В результате Юлия оказывается в центре изощрённой интриги: её муж убит, а обнаруженная на месте преступления улика прямо указывает на Виктора, сама же Юлия вполне может рассматриваться как его сообщница. В этой ситуации Ив предлагает ей бежать вместе с ним в другую страну и поселиться в его доме. По логике она должна согласиться, потому что у неё просто нет иного выхода, все обстоятельства подталкивают её к этому. Но логика Ива и его помощницы не учитывает чувств Юлии. Она не может бежать, потому что её побег подтвердит версию полиции и не оставит никаких шансов на оправдание Виктора. Юлия решает, что предать любимого человека – это выше её сил. Помощница Ива объяснила это так: её «не могу» оказалось сильнее, чем его «могу».

В романе «Могу!», как и в «Мнимых величинах», как и в романах Ф.М. Достоевского, логические построения сталкиваются с человеческой «натурой», которая оказывается сильнее. Здесь вновь, как и в «Мнимых величинах», рассматривается тема настоящих и мнимых ценностей.

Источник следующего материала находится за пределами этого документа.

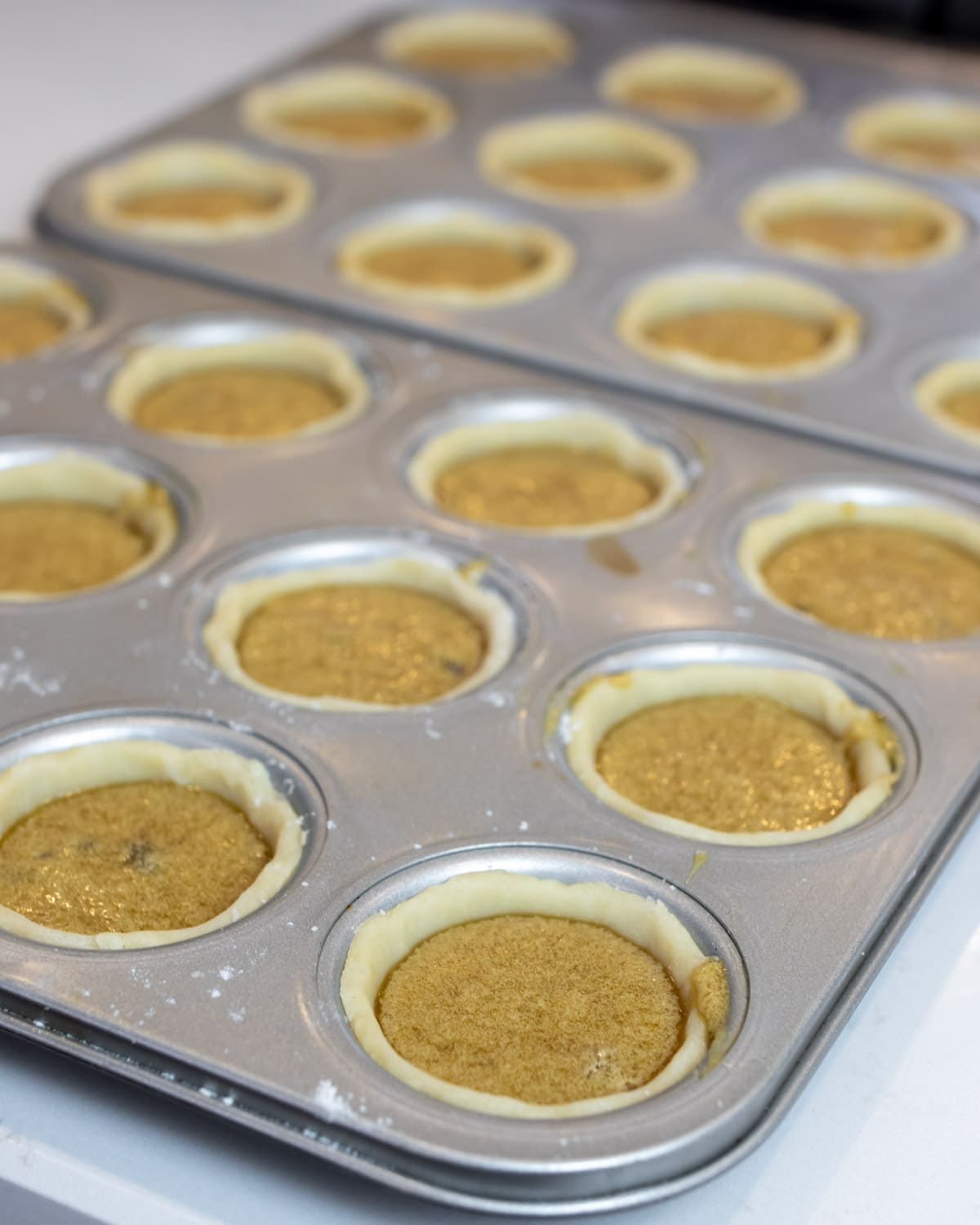 Muffin tin filled with raw tarts.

Всевластие Ива и его денег оказывается «мнимой величиной» по сравнению с порядочностью, преданностью и любовью.

По мастерству в построении сюжета, в характерологии, по глубине философских идей роман Н. Нарокова «Могу!» может быть признан одним из самых значительных и интересных произведений не только в литературе второй волны эмиграции, но и в русской литературе ХХ века вообще.